For even the most reclusive, the holiday season can involve a fearsome round of dinner parties and festivities. And whenever appropriate, you may want to show up with a bottle of wine in hand. Champagne is easy -- and always welcome. But if you want to bring a moderately priced bottle, say under $25, here are some suggestions that any wine lover should appreciate.
2010 Arnaldo-Caprai Montefalco Rosso (Umbria, Italy)
I’ve always loved this Sangiovese blend, with a touch of Sagrantino and Merlot from the Umbrian hilltop town of Montefalco. And Arnaldo-Caprai has always made one of the best. 2010 is no exception, a full-bodied red with notes of cherries and cassis, a fine perfume and gentle tannins. Great with a roast duck or goose, or a prime rib. From $15 to $25.
2013 Venica Pinot Grigio ‘Jesera’ Collio (Friuli-Venezia Giulia, Italy)
This Pinot Grigio from the Italian border with Slovenia is much more than an easy-drinking summer wine. "Jesera," from the venerable Venica estate is a serious, even fleshy wine with notes of pear, apricot and quince, and a long lovely finish. About $18 to $20.
2012 Varner Foxglove Chardonnay (California Central Coast)
Lean and crisp, with bright citrus notes and a fine balance, the unoaked 2012 Varner Foxglove Chardonnay is a natural with food.
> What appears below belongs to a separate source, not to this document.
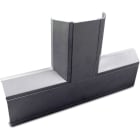 DIETZEL - T-Stück, 50x170 mm, für SLC, Starline, weiß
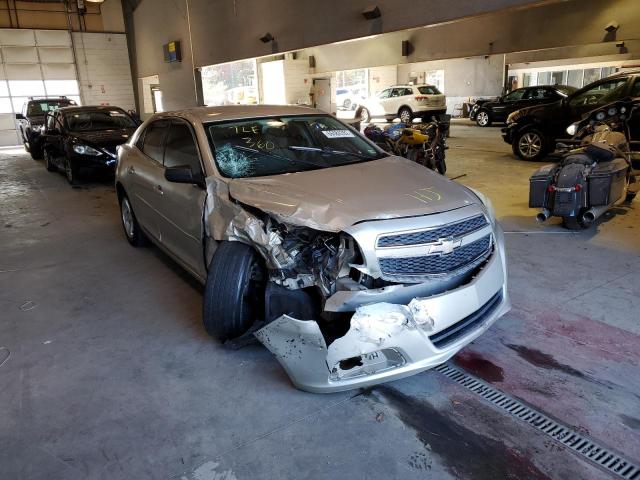 Salvage cars for sale from Copart Sandston, VA: 2013 Chevrolet Malibu LS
It’s also an outstanding value for the price. From $11 to $15.
2012 Julien Sunier Régnié (Beaujolais, France)
This Régnié from Dijon native (and avid surfer) Julien Sunier is a revelation. A gentler expression of Gamay, the cru Beaujolais is floral and delicately spicy and yet complex enough that you find something new in every sip. Sunier’s Morgon and Fleurie crus, like the Régnié, made from densely planted old vines farmed biodynamically, are also worth seeking out. About $24.
2012 Pio Cesare Barbera d’Alba (Piedmont, Italy)
Full and deep in flavor, with notes of plum, spice and chocolate, this Barbera from one of Piedmont’s oldest wineries shows elegance and balance. Vivid and food-friendly, the wine is aged in a combination of large oak casks and for the last few months, smaller French oak barrels. About $20.
2013 M.A.N. Family Wines 'Free Run Steen' Chenin Blanc (Agter-Paal, Coastal Region, South Africa)
The new vintage of this crisp, clean Chenin Blanc from South Africa’s M.A.N. Family Wines is here. Made from free-run juice of Chenin Blanc, aged on its lees for several months, it has a lovely floral perfume and a bit of that honeyed quality Chenin gets on the finish. From $8 to $13.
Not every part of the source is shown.